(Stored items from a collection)
· · ·
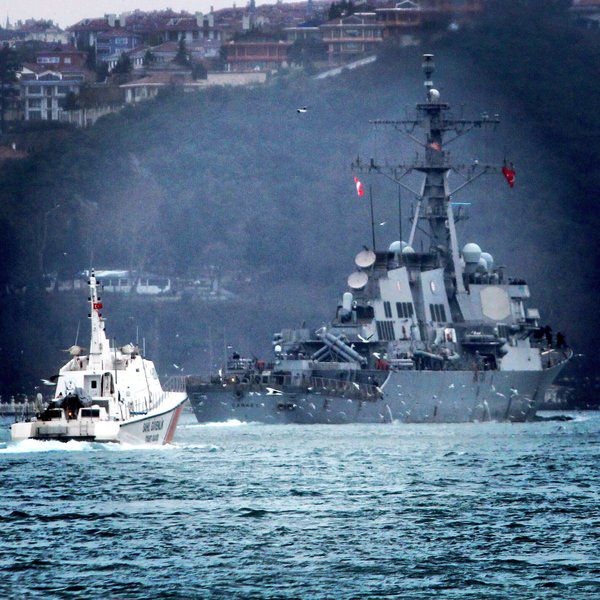 Американський есмінець USS Carney покинув Чорне море (фото). Турецька берегова охорона супроводила його через протоку Босфор.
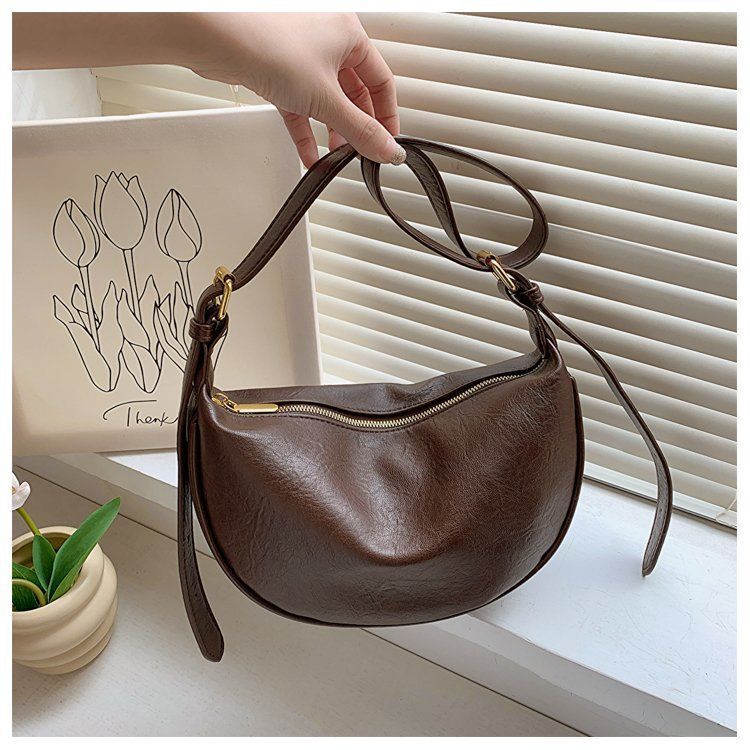 Sac à bandoulière tendance et populaire, sac porté croisé, sac peluche
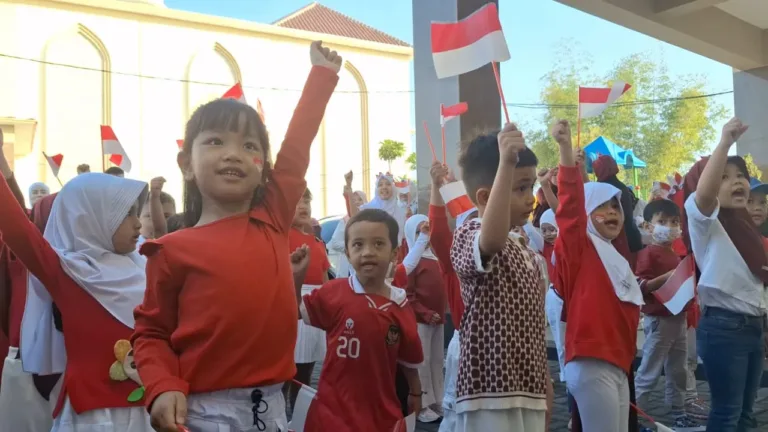 TK Islam Sabilillah Malang 2: Gembira, Jalin Kebersamaan dan Tumbuhkan Kreativitas Siswa
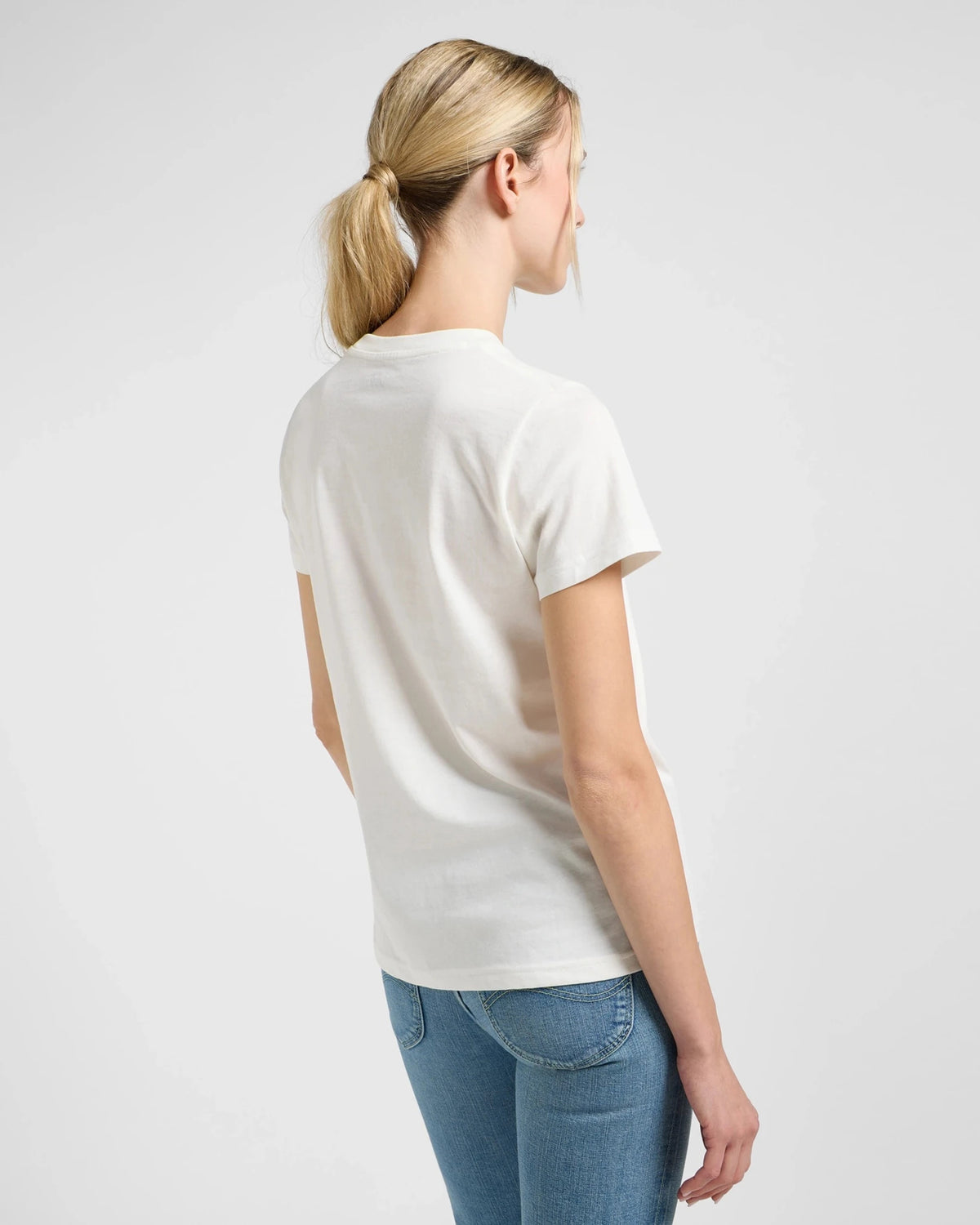 LITTLE EMBROIDERY TEE ECRU off white | Bildmaterial bereitgestellt von SHOES.PLEASE.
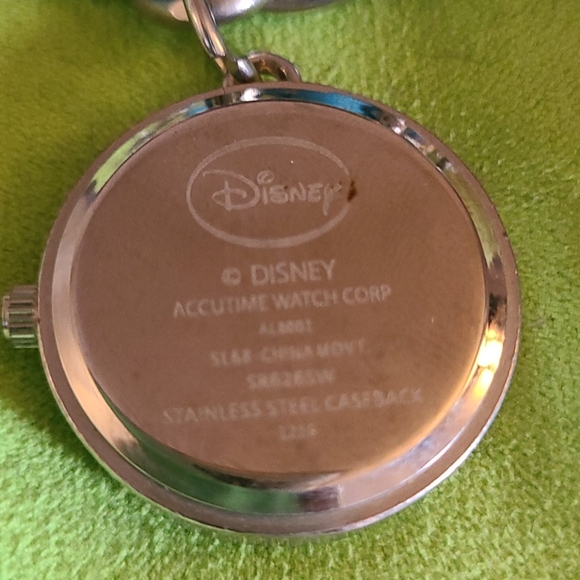 Official Disney Alice in Wonderland watch charm bracelet - Picture 3 of 5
· · ·
WHAT YOU SHOULD DO: Output all of the entries once more, word for word, with the images removed.

SOLUTION:
 Американський есмінець USS Carney покинув Чорне море (фото). Турецька берегова охорона супроводила його через протоку Босфор.
 Sac à bandoulière tendance et populaire, sac porté croisé, sac peluche
 TK Islam Sabilillah Malang 2: Gembira, Jalin Kebersamaan dan Tumbuhkan Kreativitas Siswa
 LITTLE EMBROIDERY TEE ECRU off white | Bildmaterial bereitgestellt von SHOES.PLEASE.
 Official Disney Alice in Wonderland watch charm bracelet - Picture 3 of 5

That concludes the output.